----- Source material -----
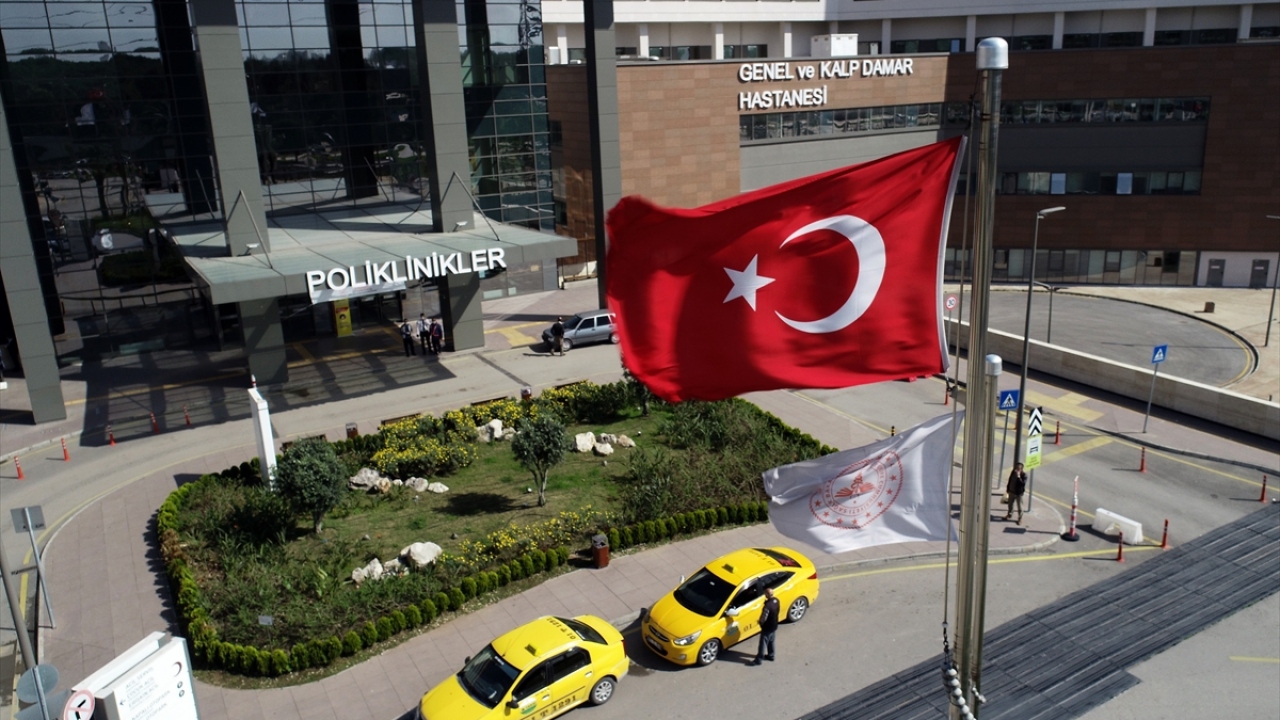 Bu konuda kapsamlı çalışmaların yürütüldüğü hastanede, Sağlık Bakanlığının da onayı ile "kan değişimi" yapılarak gerçekleştirilecek tedavi süreci de başlayacak.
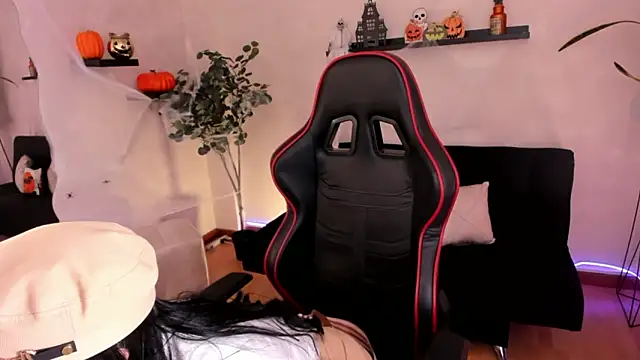 Snapshot of EmmyEvans1 chatting on 10.08.25 EmmyEvans1 online show from 10.08.25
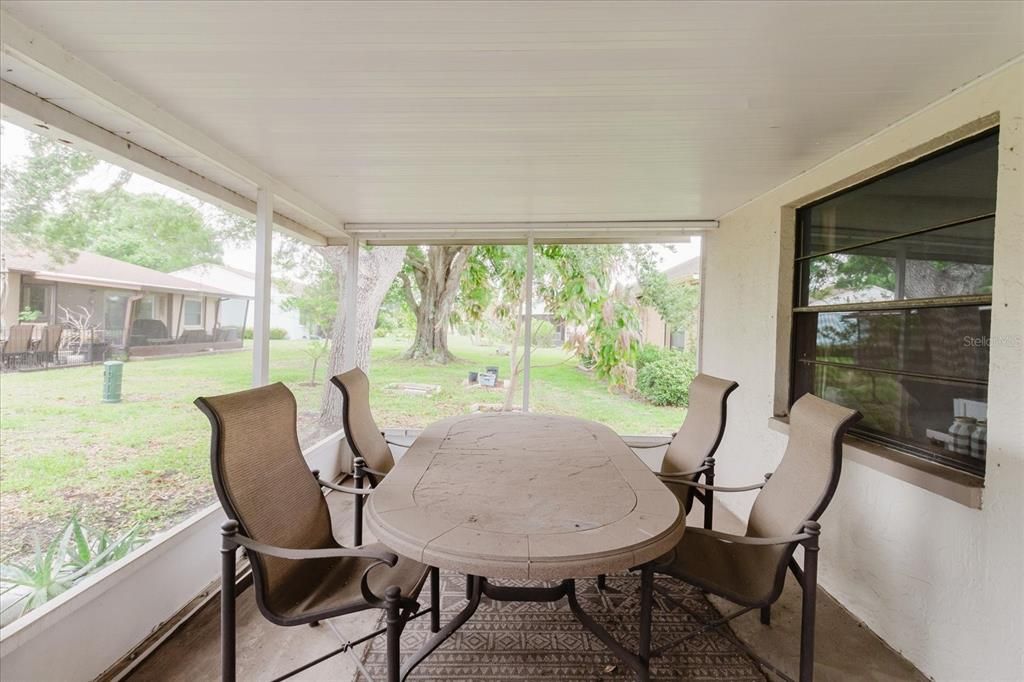 For Sale: $395,000 (3 beds, 2 baths, 1304 Square Feet)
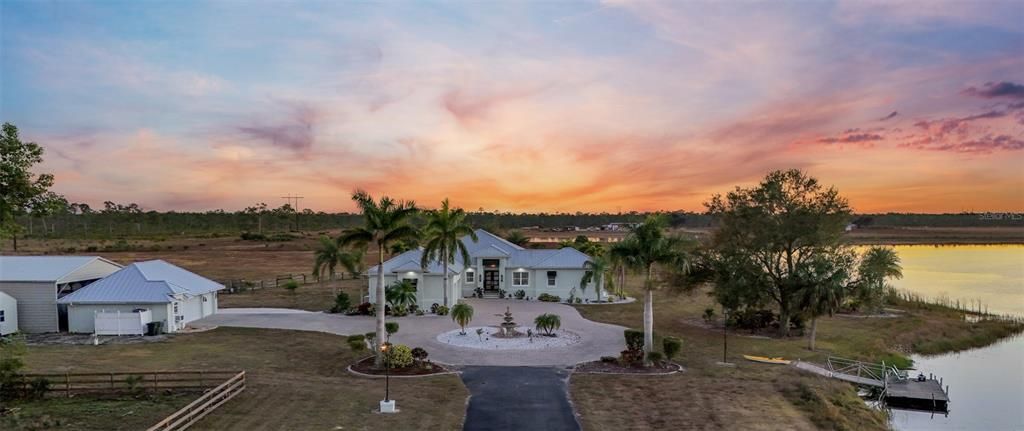 For Sale: $1,600,000 (4 beds, 3 baths, 3717 Square Feet)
-----
§ Work instructions:
Copy nothing but the lines from the top of the material through the line holding "Snapshot of EmmyEvans1", exactly as written; omit pictures.

§ Solution:
 Bu konuda kapsamlı çalışmaların yürütüldüğü hastanede, Sağlık Bakanlığının da onayı ile "kan değişimi" yapılarak gerçekleştirilecek tedavi süreci de başlayacak.
 Snapshot of EmmyEvans1 chatting on 10.08.25 EmmyEvans1 online show from 10.08.25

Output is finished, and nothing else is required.